RAW DATA:
Start of Block
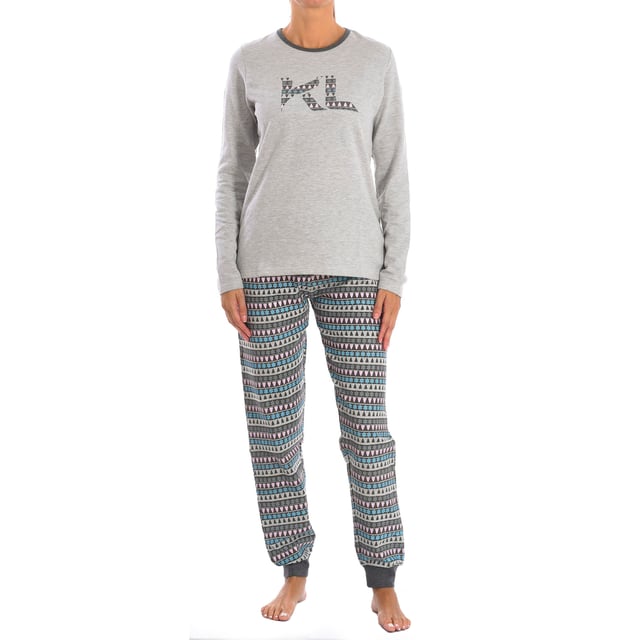 Pijama de invierno KL45218 mujer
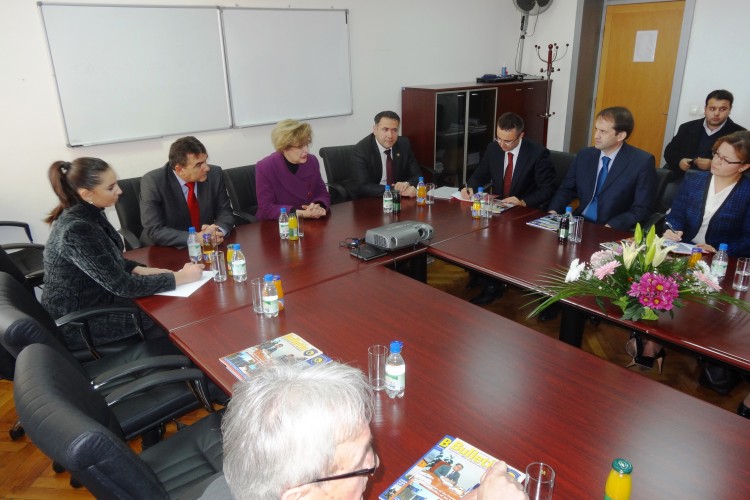 CHIEF PROSECUTOR OF THE PROSECUTOR’S OFFICE OF BIH AND PRESIDENT OF THE COURT OF BIH MET WITH THE DELEGATION OF JUDICIAL INSTITUTIONS OF THE REPUBLIC OF TURKEY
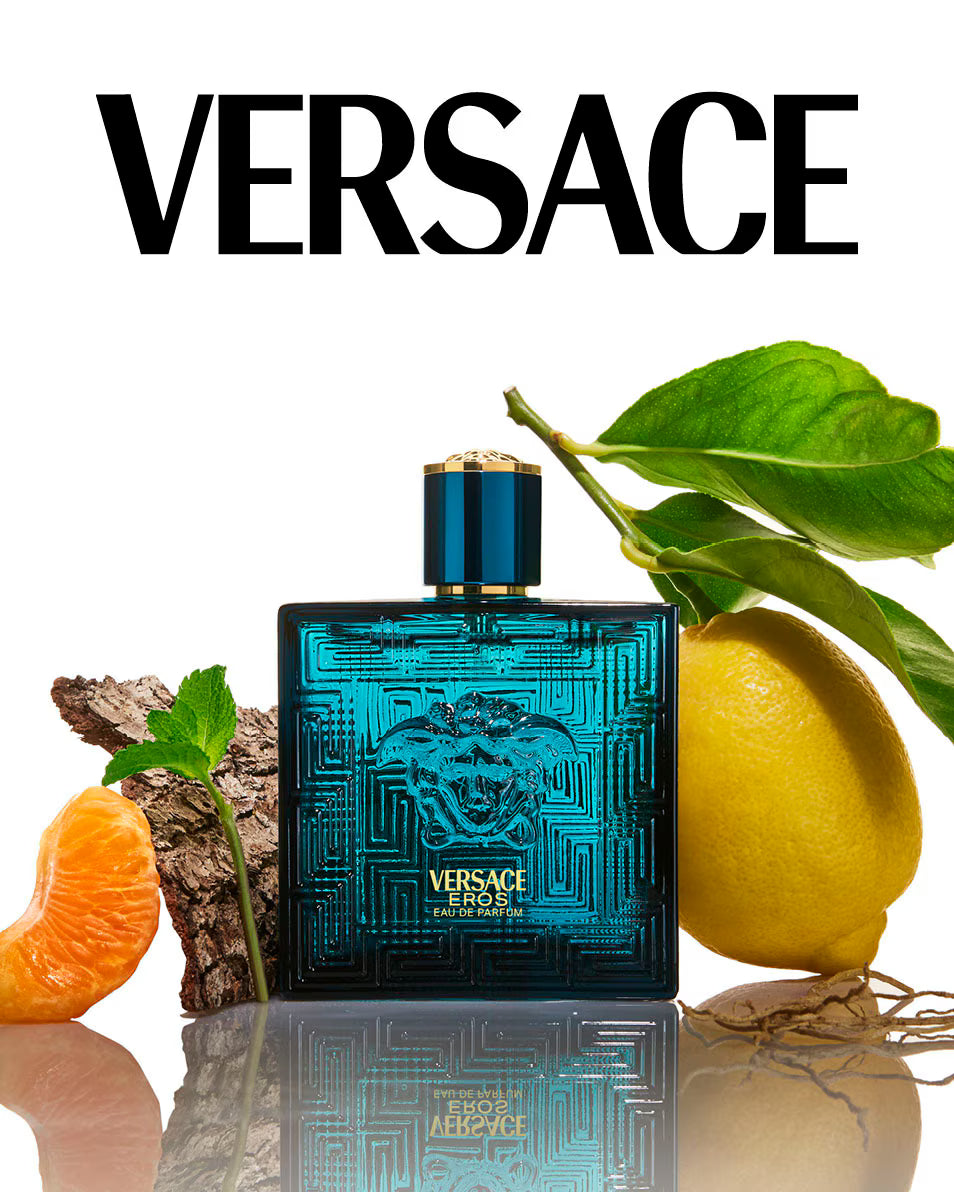 Versace Eros Eau de Parfum 100 ml – Intensité masculine et luxe éternel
End of Block
WORK TASK:
Retype each line above exactly and leave out any picture.

EXERCISE RESPONSE:
 Pijama de invierno KL45218 mujer
 CHIEF PROSECUTOR OF THE PROSECUTOR’S OFFICE OF BIH AND PRESIDENT OF THE COURT OF BIH MET WITH THE DELEGATION OF JUDICIAL INSTITUTIONS OF THE REPUBLIC OF TURKEY
 Versace Eros Eau de Parfum 100 ml – Intensité masculine et luxe éternel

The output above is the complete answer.